BEGIN

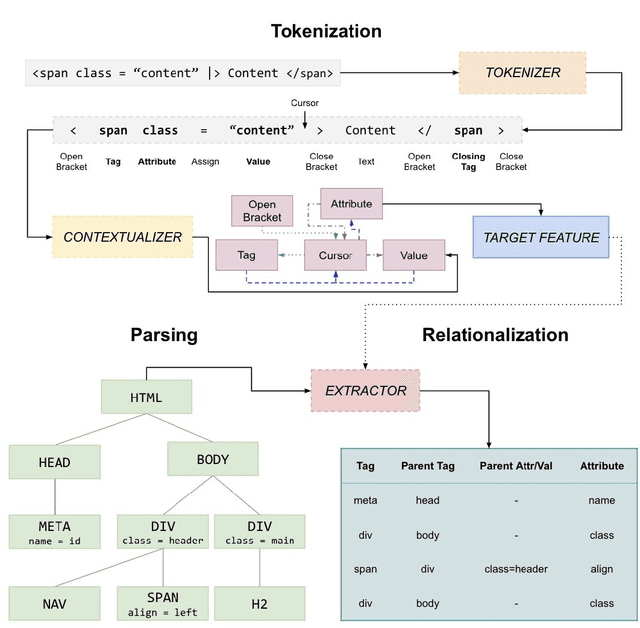 Figure 3 for User-Interactive Machine Learning Model for Identifying Structural Relationships of Code Features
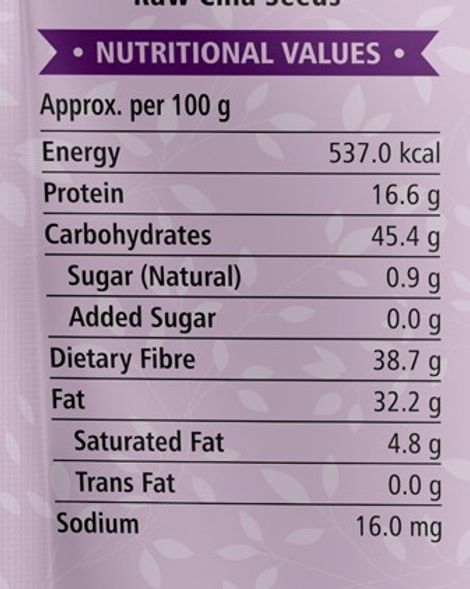 Heka Bites Raw Chia Seeds 100% Premium Seeds Weight Loss Source of Omega -3 & Calcium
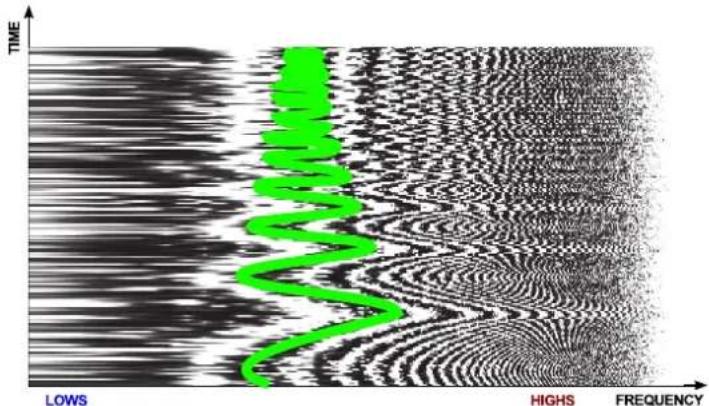 D16 Group Antresol - Dependence between Rate and Depth - 1
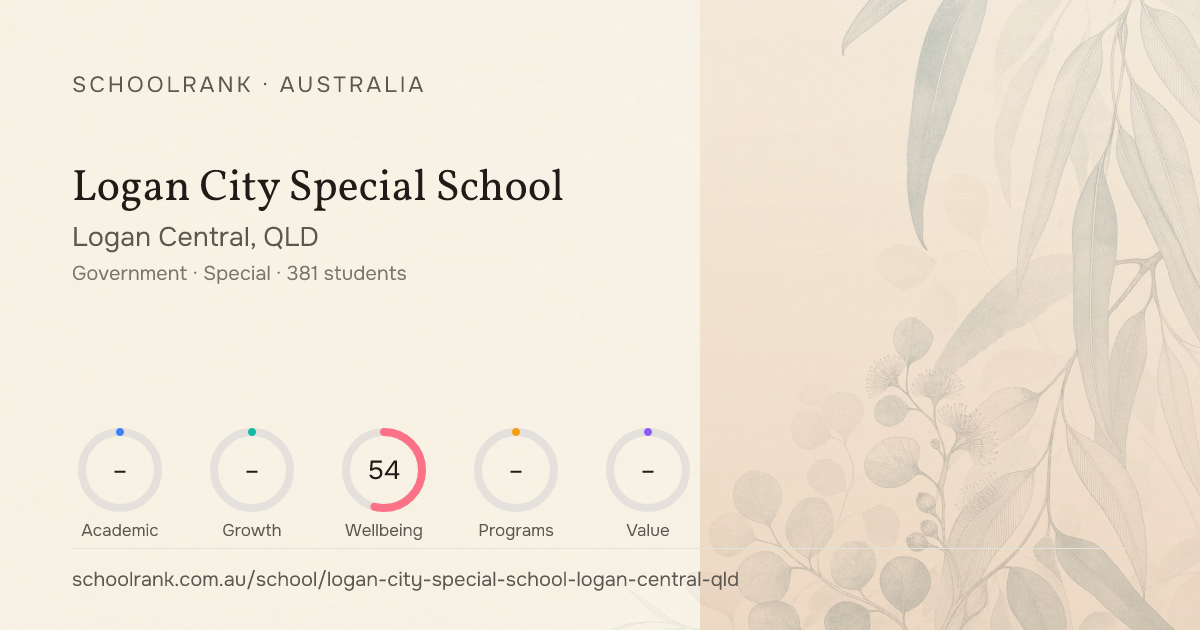 Logan City Special School — Logan Central, QLD | NAPLAN, Fees & Reviews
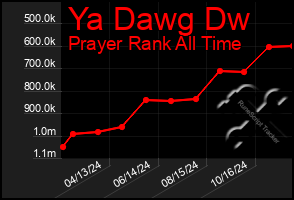 Total Graph of Ya Dawg Dw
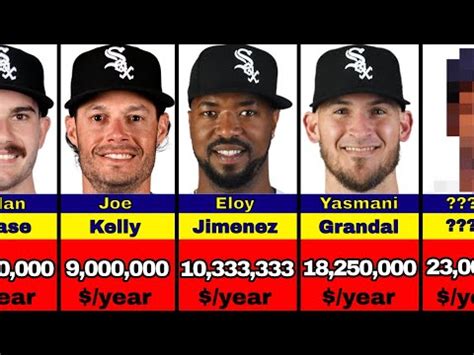 chicago white sox salaries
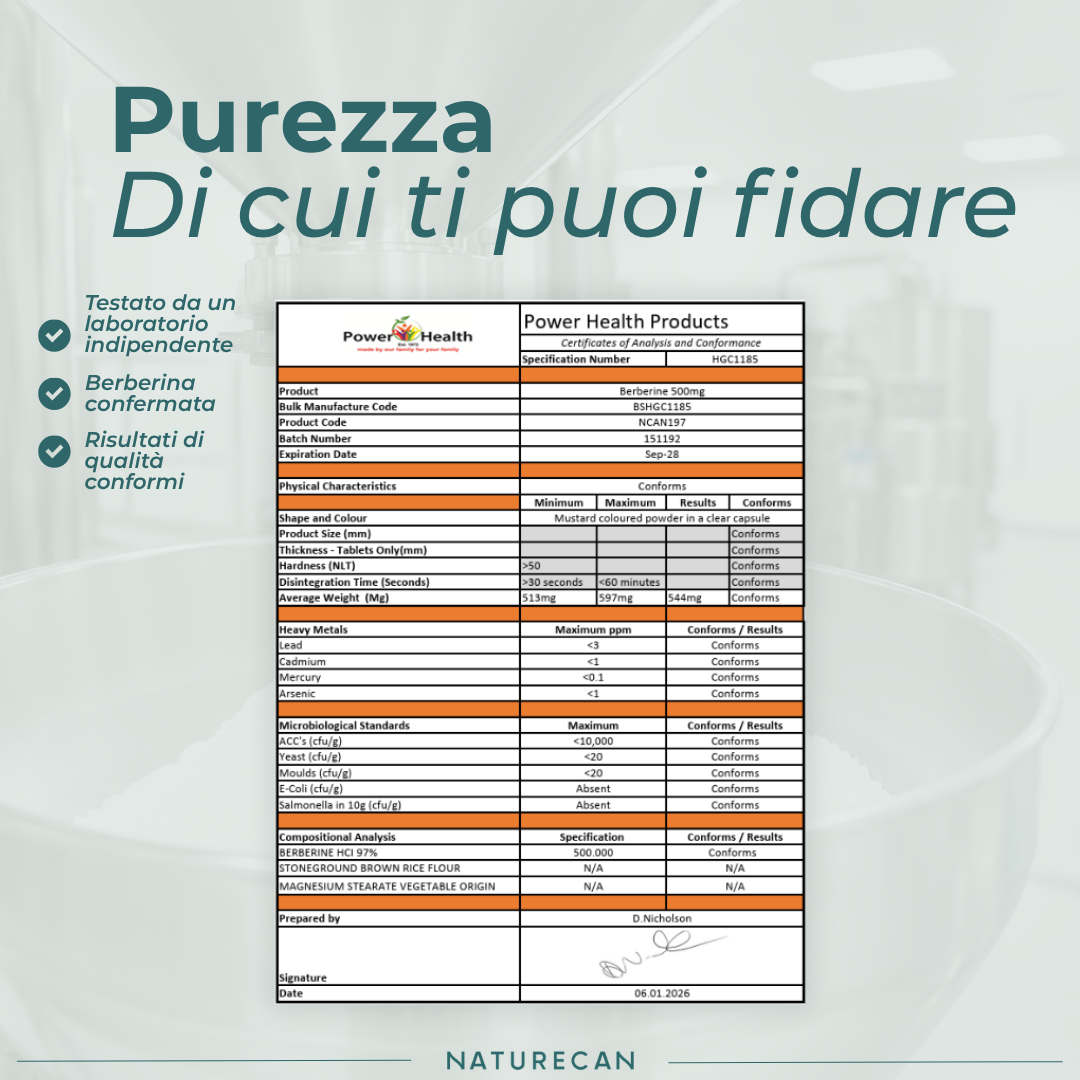Berberina certificato di analisi purezza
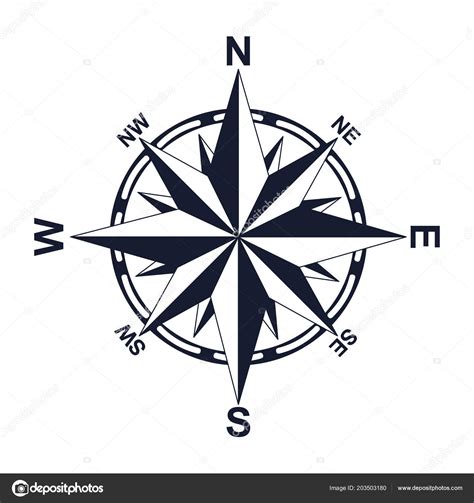 Compass 的图像结果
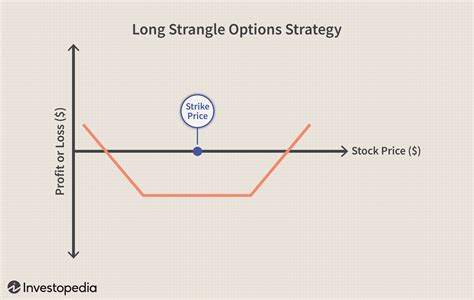 Strangle Option Strategy Definition Advantages amp Disadvantages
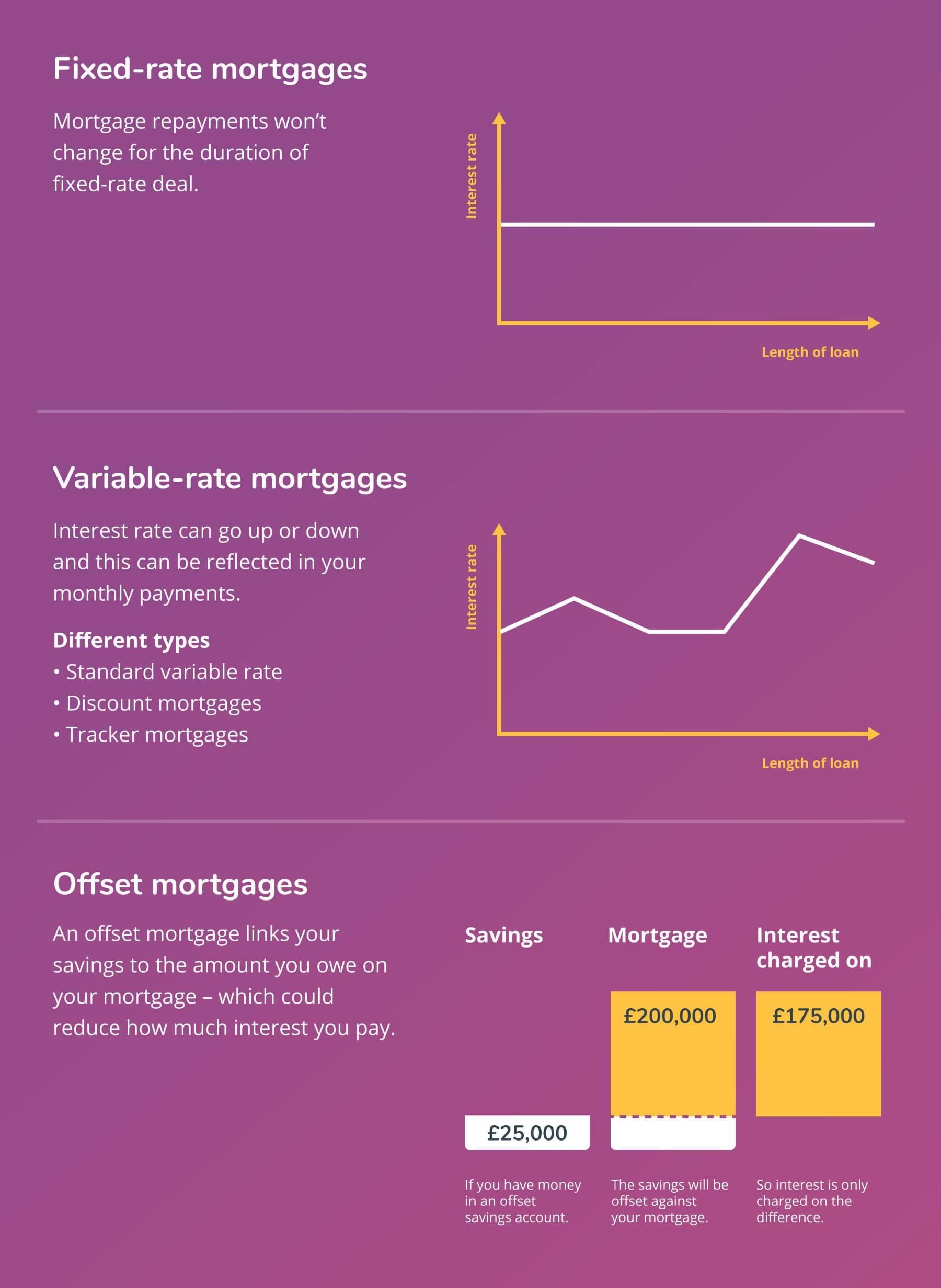 Compare Our Best Mortgage Rates And Deals | Money.co.uk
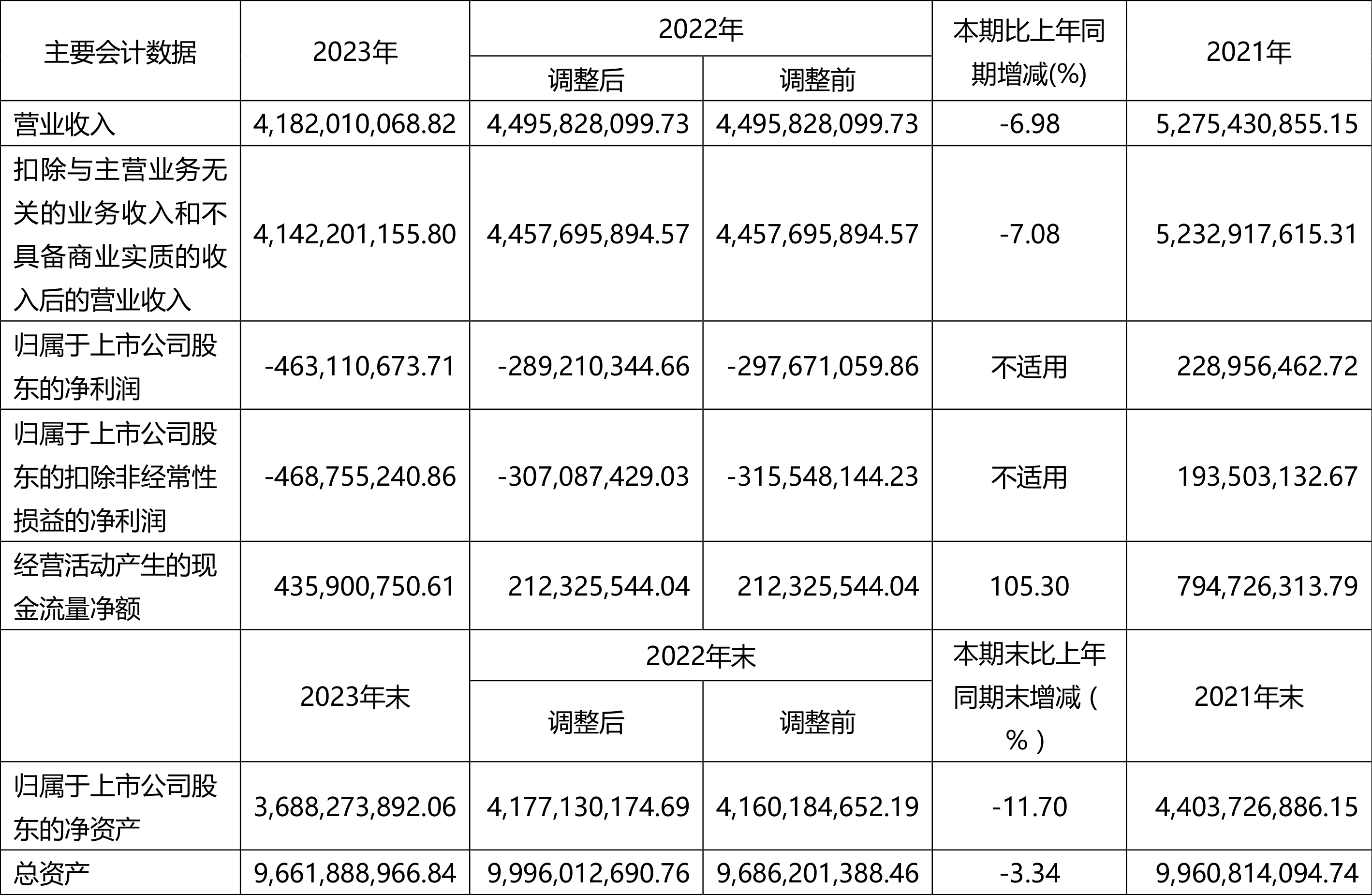 银信科技：预计2024年全年亏损1.32亿至1.08亿 净利润同比下降224.40%至201.78%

END

_Task brief:_ No pictures belong in the copy. Retype exactly, and only, the lines from the line containing "D16 Group Antresol" through the last line of the data, both included.

_Result of the exercise:_
 D16 Group Antresol - Dependence between Rate and Depth - 1
 Logan City Special School — Logan Central, QLD | NAPLAN, Fees & Reviews
 Total Graph of Ya Dawg Dw
 chicago white sox salaries
Berberina certificato di analisi purezza
 Compass 的图像结果
 Strangle Option Strategy Definition Advantages amp Disadvantages
 Compare Our Best Mortgage Rates And Deals | Money.co.uk
 银信科技：预计2024年全年亏损1.32亿至1.08亿 净利润同比下降224.40%至201.78%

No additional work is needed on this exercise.